Input for this task:
Content starts
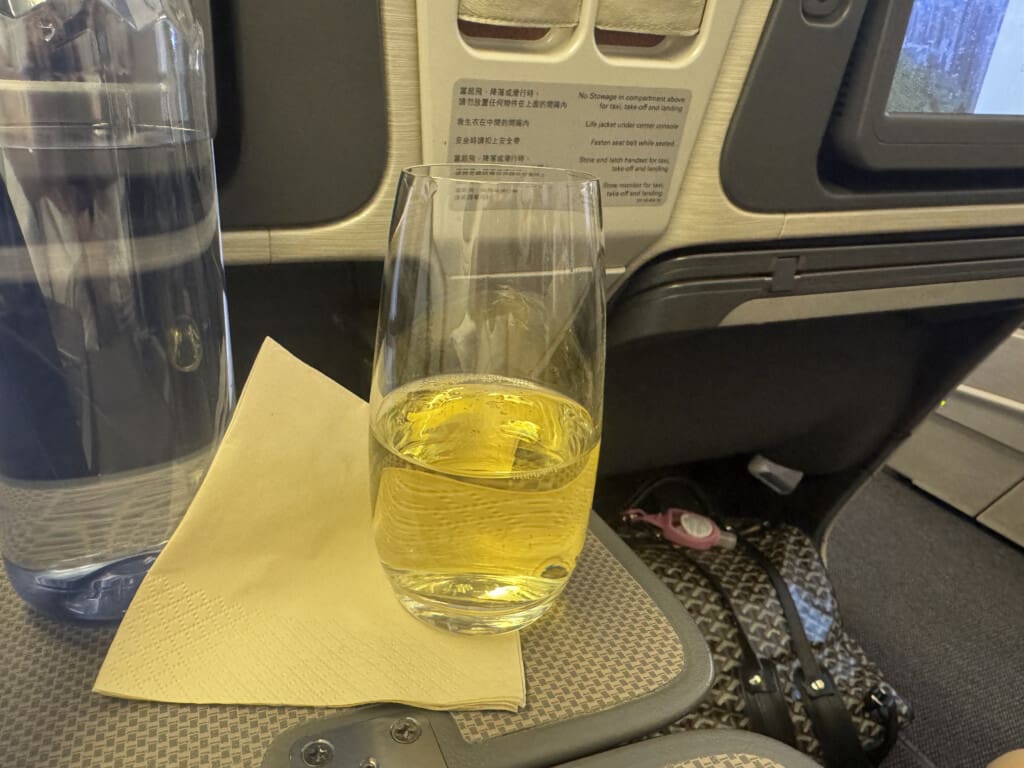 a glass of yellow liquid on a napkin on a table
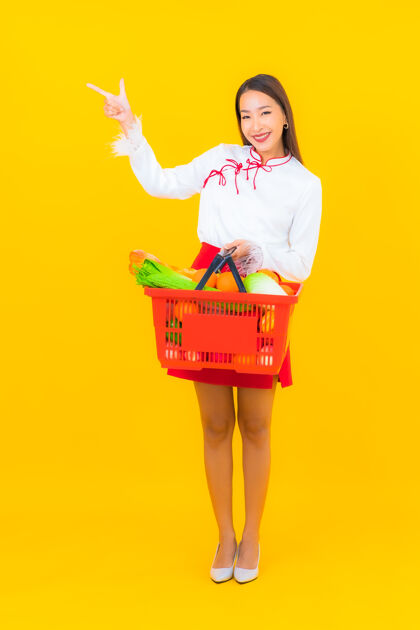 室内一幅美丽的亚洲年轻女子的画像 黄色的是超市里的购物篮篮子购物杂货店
Content ends
Content starts
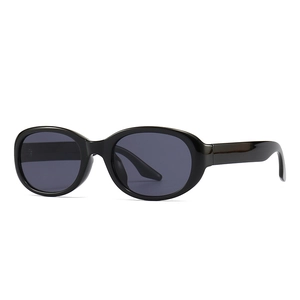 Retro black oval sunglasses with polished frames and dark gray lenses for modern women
Content ends
Content starts
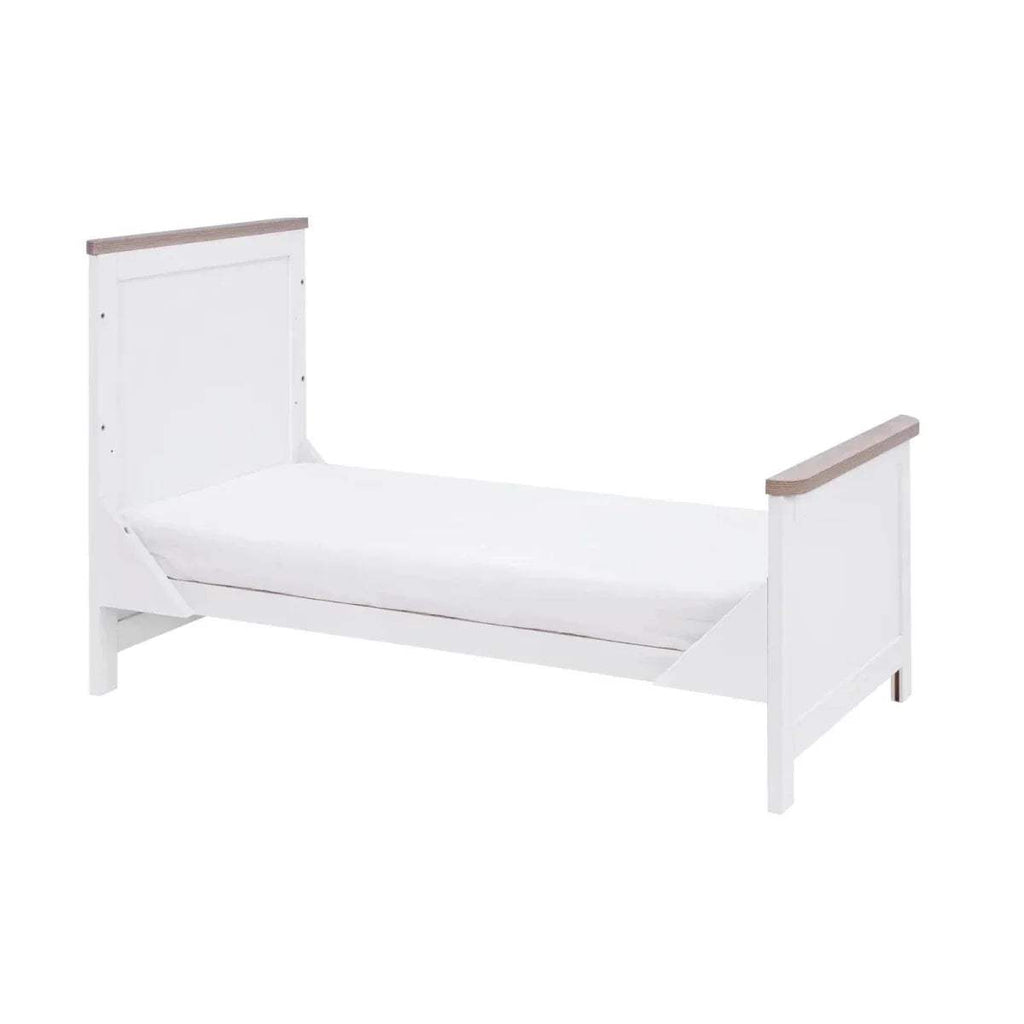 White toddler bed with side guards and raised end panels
Content ends
Exercise: A word-for-word reproduction is needed of the lines above from the line containing "a glass of yellow" through the line containing "室内一幅美丽的亚洲年轻女子的画像 黄色的是超市里的购物篮篮子购物杂货店", with both ends kept and no pictures.

The answer:
 a glass of yellow liquid on a napkin on a table
 室内一幅美丽的亚洲年轻女子的画像 黄色的是超市里的购物篮篮子购物杂货店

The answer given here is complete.